On April 7, 2015, Walt Disney Studios, 20th Century Fox, and Lucasfilm jointly announced the digital releases of the six released Star Wars films. Revenge of the Sith was released through the iTunes Store, Amazon Video, Vudu, Google Play, and Disney Movies Anywhere on April 10, 2015.

Walt Disney Studios Home Entertainment reissued Revenge of the Sith on Blu-ray, DVD, and digital download on September 22, 2019. Additionally, all six films were available for 4K HDR and Dolby Atmos streaming on Disney+ upon the service's launch on November 12, 2019. This version of the film was released by Disney on 4K Ultra HD Blu-ray on March 31, 2020 whilst being re-released on Blu-ray and DVD.

3D re-release 
On September 28, 2010, it was announced that all six films in the series were to be stereo-converted to 3D. The films would be re-released in chronological order beginning with The Phantom Menace on February 10, 2012. Revenge of the Sith was originally scheduled to be re-released in 3D on October 11, 2013. However, on January 28, 2013, Lucasfilm announced that it was postponing the 3D release of episodes II and III in order to "focus 100 percent of our efforts on Star Wars: The Force Awakens" and that further information about 3D release plans would be issued at a later date.
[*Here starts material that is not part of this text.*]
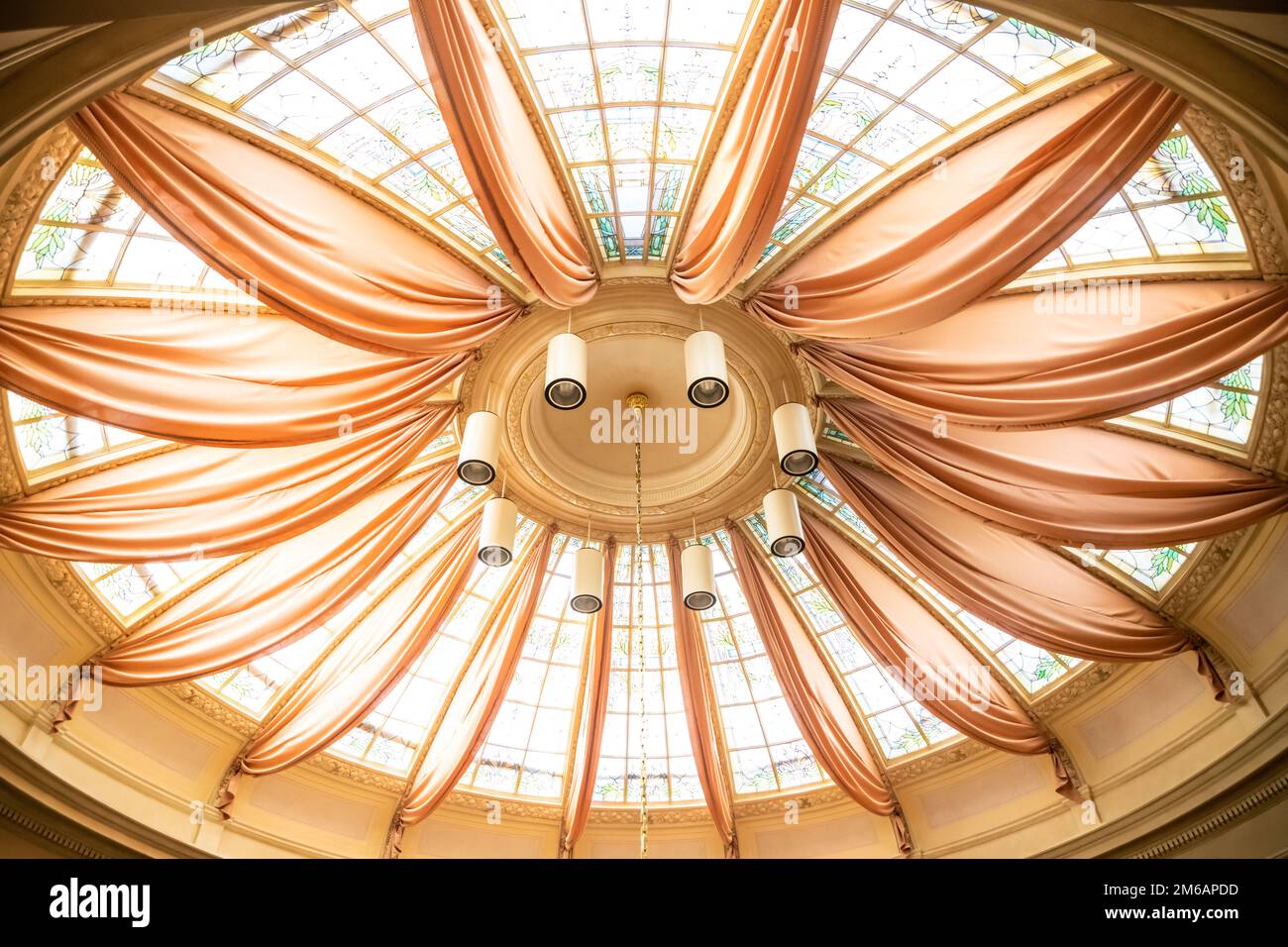 Le centre d'administration de Little Rock, Arkansas Banque D'Images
The premiere of the 3D version was shown on April 17, 2015, at Star Wars Celebration Anaheim.

Reception

Critical response 
On review aggregator Rotten Tomatoes, the film has an approval rating of 79% based on  reviews, with an average rating of . The site's critical consensus reads, "With Episode III: Revenge of the Sith, George Lucas brings his second Star Wars trilogy to a suitably thrilling and often poignant – if still a bit uneven – conclusion." On Metacritic, the film has a weighted average score of 68 out of 100, based on 40 critics, indicating "generally favorable reviews". Audiences polled by CinemaScore gave the film an average grade of "A−" on an A+ to F scale, the same score as the previous two films.

Most critics have considered the film to be the best of the prequel trilogy. A. O. Scott of The New York Times concluded that it was "the best of the four episodes Mr. Lucas has directed", and equal to The Empire Strikes Back as "the richest and most challenging movie in the cycle". J.R. Jones, a Chicago Reader critic who disliked The Phantom Menace and Attack of the Clones, gave the film a positive review, saying that it had a "relatively thoughtful story". Roger Ebert of the Chicago Sun-Times gave the film three-and-a-half out of four stars, writing "If [Lucas] got bogged down in solemnity and theory in Episode II: Attack of the Clones, the Force is in a jollier mood this time, and Revenge of the Sith is a great entertainment", but he noted that "the dialogue throughout the movie is once again its weakest point".

Though many critics and fans viewed Revenge of the Sith as the strongest of the three prequels, some viewers thought it was more or less on par with the previous two episodes. Much of the criticism was directed towards the dialogue, particularly the film's romantic scenes; critics claimed this demonstrated Lucas's weakness as a writer of dialogue, a subject with which Lucas openly agreed when receiving the Lifetime Achievement Award from the American Film Institute. Some film critics and fans criticized Hayden Christensen's acting, calling it "wooden". A retrospective review by Time felt that Christensen's maligned performance was in part affected by the screenwriting.

Other responses 
Some American conservatives criticized the film, claiming it had a liberal bias and was a commentary on the George W. Bush administration and Iraq War. Some websites went so far as to propose a boycott of the film. Lucas defended the film, stating that the film's storyline was written during the Vietnam War and was influenced by that conflict rather than the war in Iraq. Lucas also said "The parallels between Vietnam and what we're doing in Iraq now are unbelievable".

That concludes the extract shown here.